I am Assistant Professor in the Cultural Studies Department, and Coordinator of the Media Studies Program at Trent University (Canada).
My early PhD work focused on European migrant narratives, socially engaged art, and the futures of the image in ‘postnational’ collective memory. Since graduating in 2015, I moved on to explore the intersections between media and urban geography in collective memory studies, emphasizing questions of mobility, technology and infrastructure within practices of commemoration, the political uses and misuses of crowdsourcing maps, the discursive practices around smart cities, and theories of space in visual culture. I have made single-author contributions in each of these areas, and in 2018, I published a major editorial project on Geospatial Memory.
My current research focuses on issues of policing, urbanism and data ethics.
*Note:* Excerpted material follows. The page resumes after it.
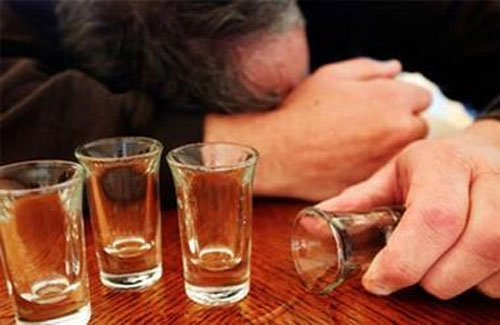 Rối loạn thần kinh do rượu, giải pháp thế nào?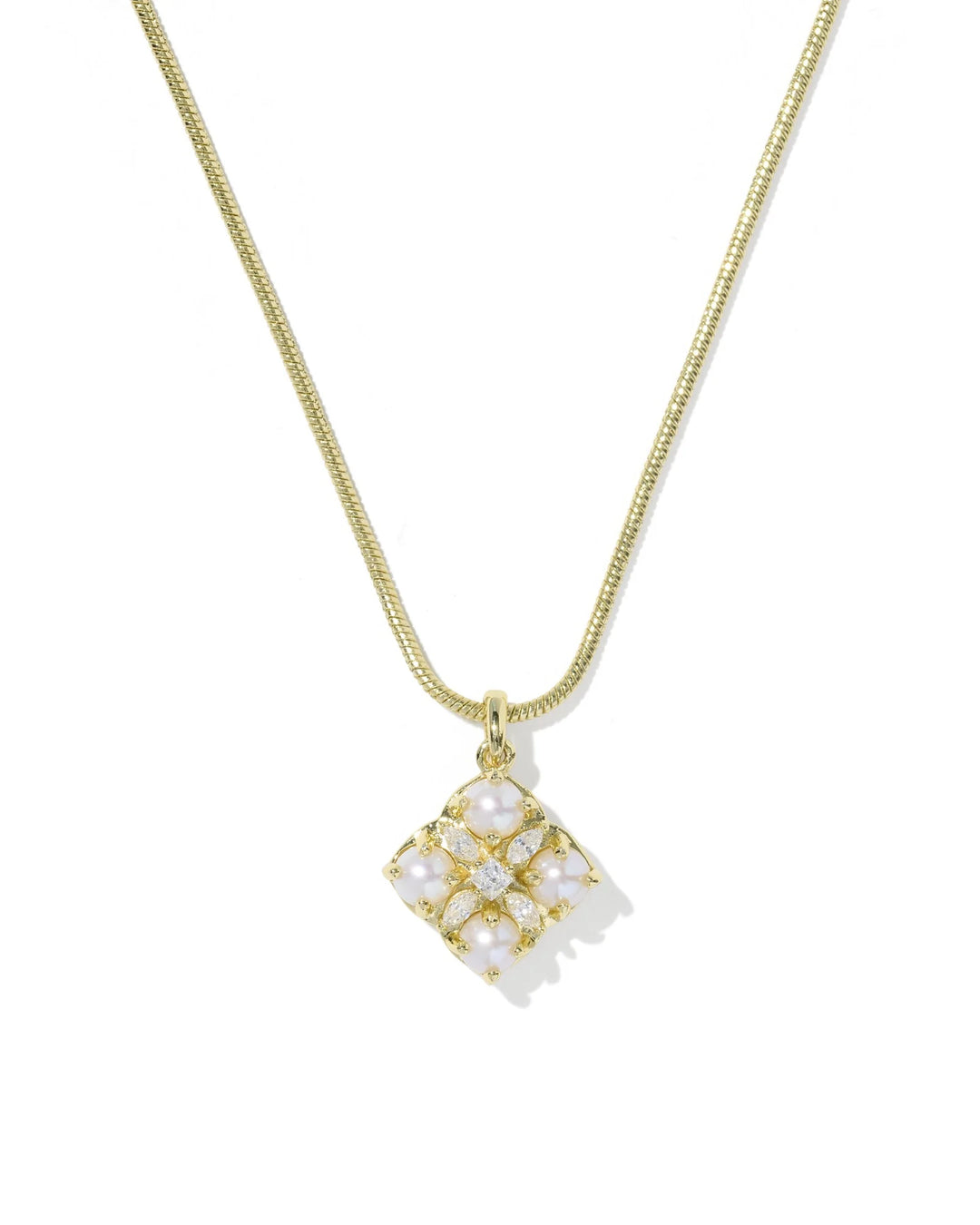 Dira Pearl Short Pendant Necklace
I am working on a project that addresses how mobile policing apps inform urban policy and planning initiatives, and how prompting devices shape our media ecologies and spatial imaginaries. This work has developed from my ongoing role as PI for a SSHRC Explore Grant (2020-21) on Ecology, Infrastructure and Mobility in Communications Research, which aims to develop alternative methodologies for understanding the prevalence of everyday surveillance tools, including biometric sensor devices, safety apps, amber alerts, and meteorological systems.
I serve as an Assistant Editor at Media Theory (MT), an international and independent peer-reviewed journal. I also serve as President of the Canadian Comparative Literature Association (CCLA).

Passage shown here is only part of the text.